B. UNE ÉCONOMIE REPOSANT SUR LES TRANSFERTS
La forte croissance induite par l'implantation du Centre d'expérimentation du Pacifique (CEP) en 1963 a fait entrer la Polynésie dans l'ère de la consommation et a déstructuré l'économie traditionnelle.
1. Une situation de forte dépendance
La demande locale est satisfaite à 95 % par les importations.
Ce sont les transferts financiers civils et militaires en provenance de la métropole qui permettent d'assurer l'équilibre. Néanmoins, la proportion des ressources propres du territoire s'améliore nettement depuis le début des années 1990.
EVOLUTION DES RESSOURCES EXTERIEURES
2. L'absence de compétitivité
Le coût élevé de la main d'oeuvre compromet la productivité. Malgré une différence importante de salaire, à travail et qualification comparables, en faveur du secteur public par rapport au secteur privé, le niveau de vie général à Tahiti est élevé, en comparaison de celui d'autres voisins du Pacifique Sud. Le PIB par habitant en Polynésie française est ainsi sept fois supérieur à celui des Fidji et quatre fois supérieur à celui des Iles Cook, pour s'établir à un niveau comparable à celui de l'Australie.
Sur une population active évaluée à 68 000 actifs, on dénombre 50 000 salariés et 18 000 entrepreneurs individuels avec un secteur tertiaire hypertrophié (69 % des salariés, 72 % des entreprises). Le secteur public, attractif du fait des rémunérations élevées, représente 60 % du secteur tertiaire, soit plus du tiers de la population active. Les 23 000 agents du secteur public se répartissent entre l'Etat (11 500), le territoire (7 000) et les communes (4 500).
Le manque de compétitivité est également dû au poids de la fiscalité indirecte sur les entreprises.

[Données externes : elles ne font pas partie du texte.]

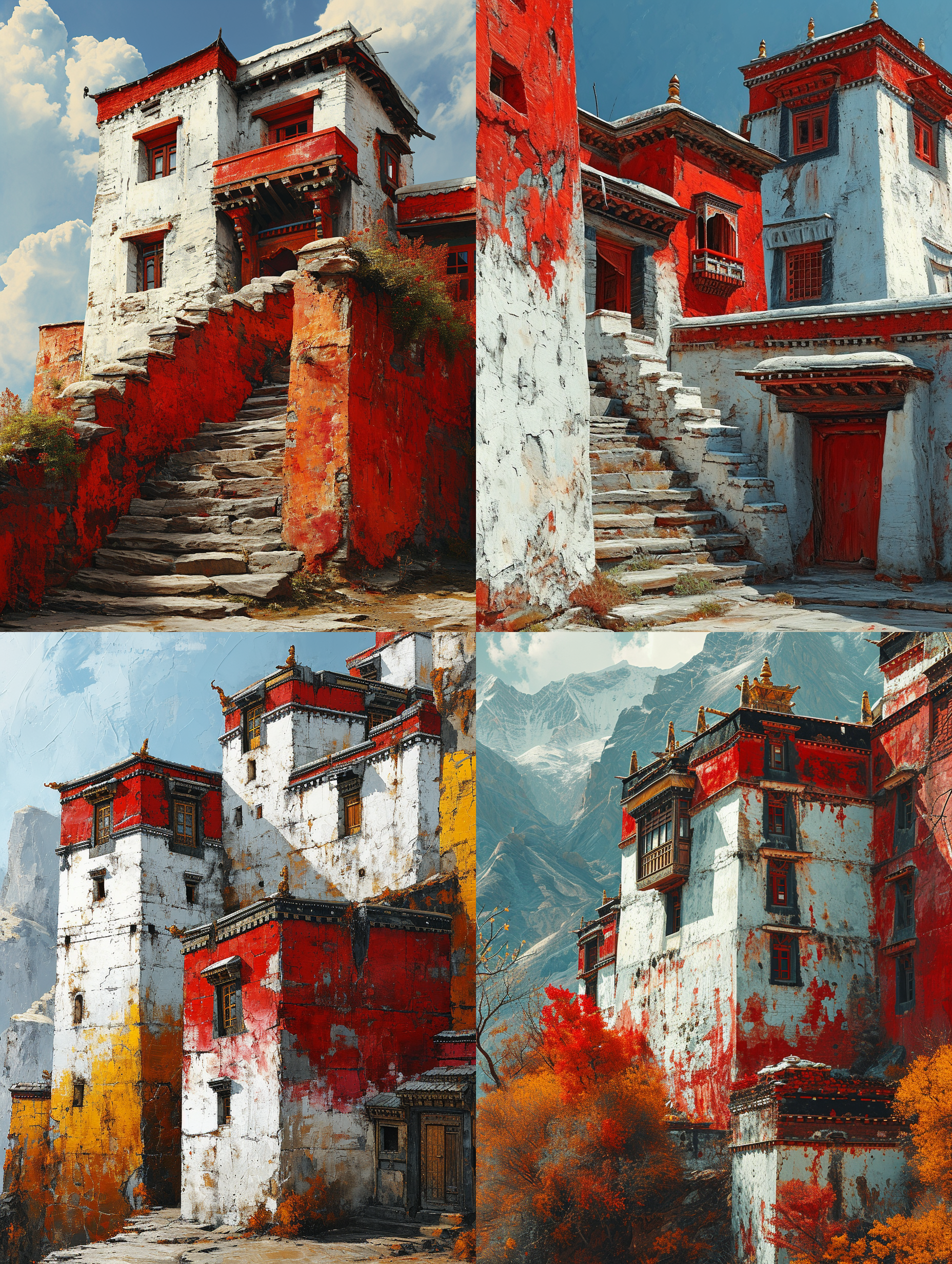 a shot of the tibetan fortress, in the style of abstracted architecture, white and red, pointillist optical mixing, ingrid baars, 32k uhd, visual harmony, serge marshennikov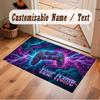 Neon Colorful Theme Crystal Velvet Floor Rug Personalized Custom Name Text Warm Carpet Home Decoration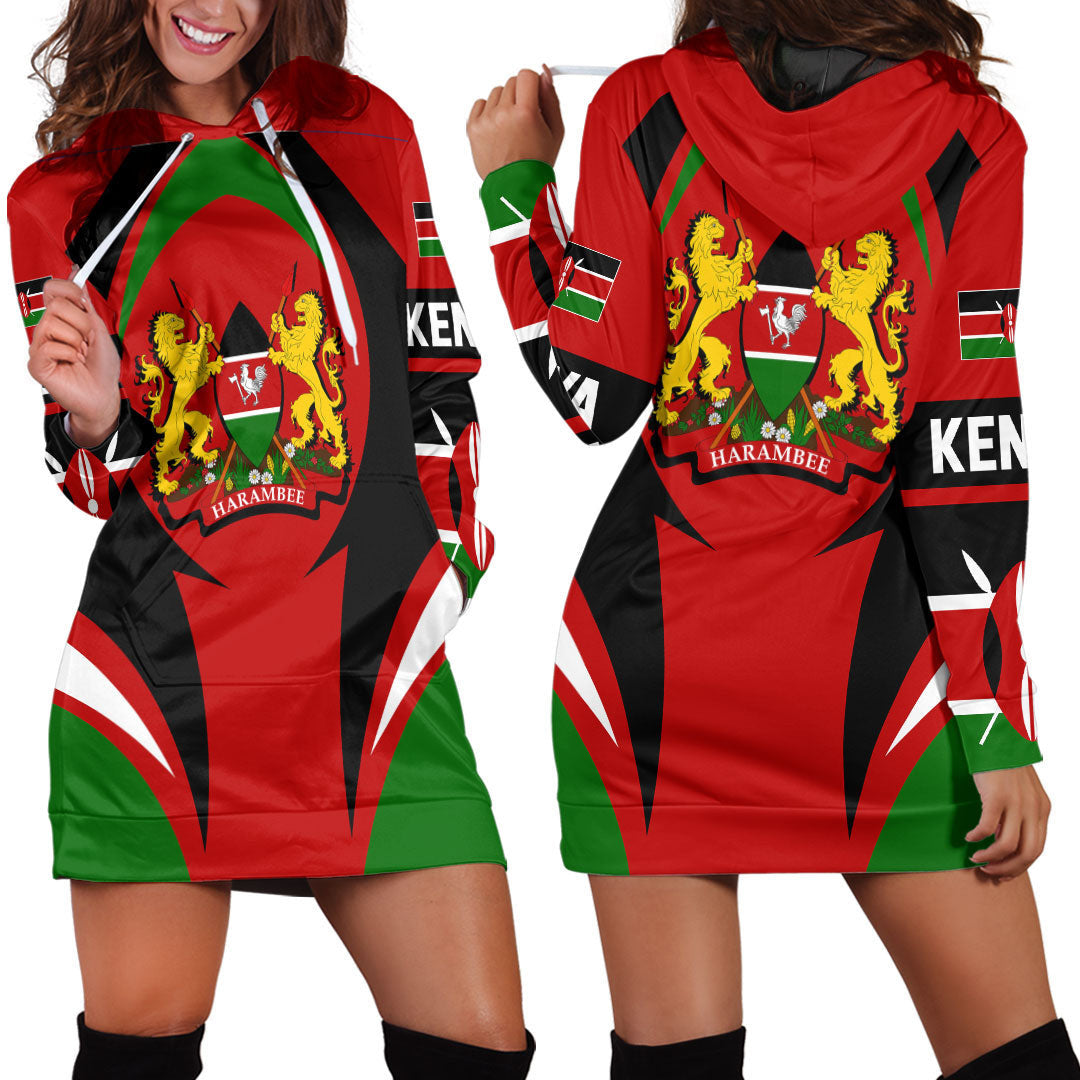 Wonder Print Shop Clothing - Kenya Action Flag Hoodie Dress RLT7 - Wonder Print Shop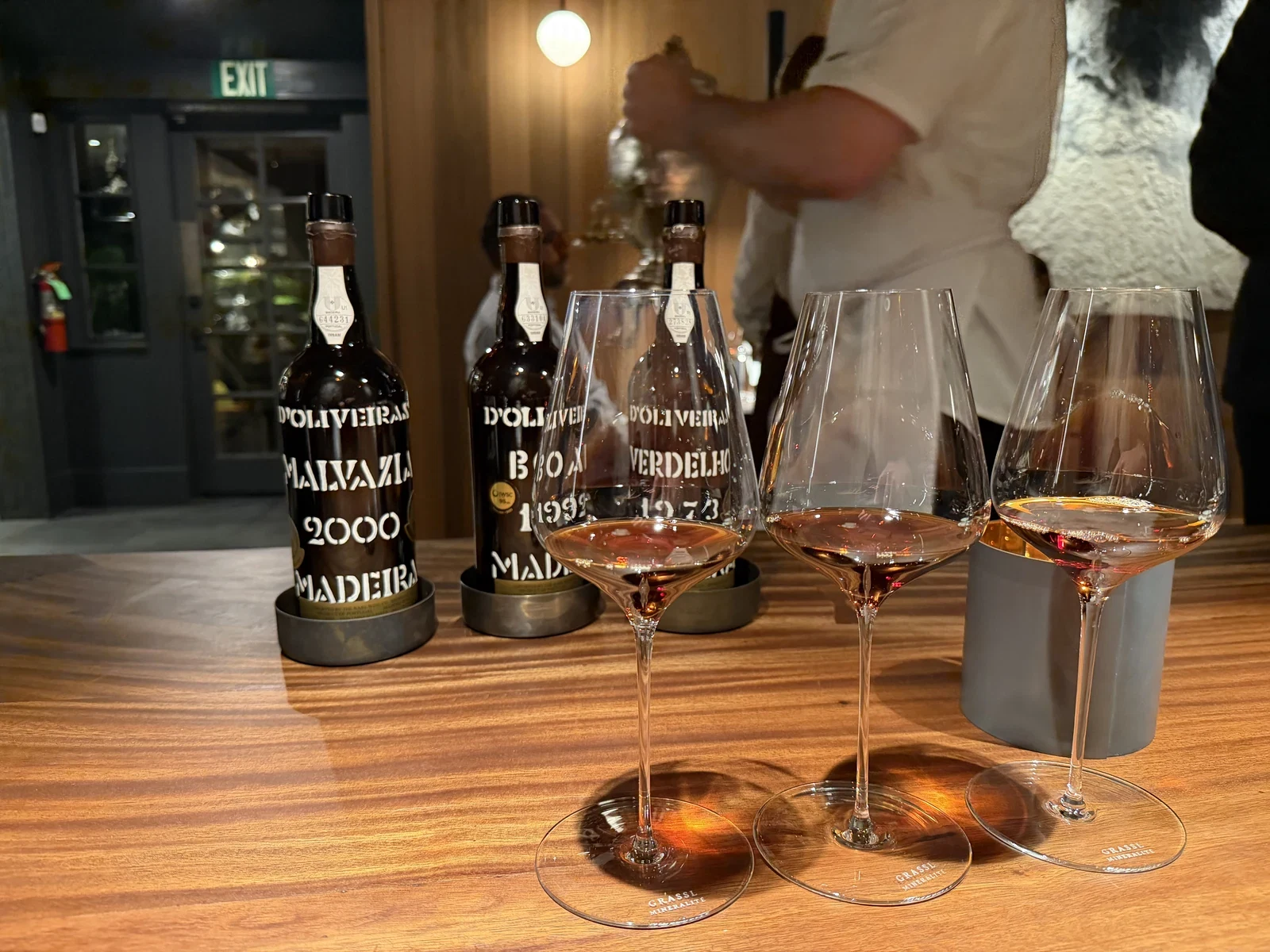 Madeira library bottles from 1973 through 2000 served at Enclos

3. Des répercussions inquiétantes sur la société polynésienne
L'installation du Centre d'expérimentation du Pacifique (CEP), par les emplois qu'il a créés et le système d' économie de la rente induit par les transferts civils de l'Etat prenant la forme de rémunérations élevées des fonctionnaires avec l'application d'un coefficient multiplicateur de 1,84, a produit un important effet d'attraction sur les populations, en particulier les jeunes, provoquant un fort exode rural.

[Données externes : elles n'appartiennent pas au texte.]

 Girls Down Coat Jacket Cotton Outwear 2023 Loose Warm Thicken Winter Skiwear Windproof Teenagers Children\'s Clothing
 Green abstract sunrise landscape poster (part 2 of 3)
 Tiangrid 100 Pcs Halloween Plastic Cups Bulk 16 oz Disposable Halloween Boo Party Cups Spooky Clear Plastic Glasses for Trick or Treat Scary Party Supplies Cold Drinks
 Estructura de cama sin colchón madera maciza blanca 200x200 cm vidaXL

Lors d'un colloque de novembre 1994 ayant pour thème « Le statut du territoire et le Pacte de Progrès », M. Christian Vernaudon, membre du Conseil économique, social et culturel et délégué à la Charte du développement a souligné que « l'économie de la rente avait permis, grâce à de très importants mécanismes de redistribution (subvention du coprah, régime de protection sociale en milieu rural...) d'assurer un emploi et des revenus décents à une très large fraction de la population jusqu'au milieu de la décennie 80 », mais que « la combinaison d'une forte croissance démographique et d'un net ralentissement de la croissance économique induit par une nette réduction du taux de croissance annuel des transferts de l'Etat conduisait depuis près de 10 ans à un développement très rapide du chômage et de l'exclusion touchant désormais environ 20 % de la population ». Or, l'apparition de ce phénomène d'exclusion est d'autant plus grave que. touchant de nombreux jeunes affluant sur le marché du travail (3 000 par an environ), la solidarité familiale caractérisant la société polynésienne traditionnelle, ne joue plus en zone urbaine.
EVOLUTIONS COMPAREES DU PIB ET DE LA POPULATION (Base 100 1970)
Tout en ayant une incidence bénéfique sur le niveau de vie, les flux financiers en provenance de métropole ont par ailleurs eu pour conséquence une modification des habitudes de consommation, encourageant les importations au détriment des productions locales. Ainsi, par exemple, l'habitude de consommer de la viande néo-zélandaise, disponible sur le territoire à un prix compétitif, n'encourage pas le développement du cheptel.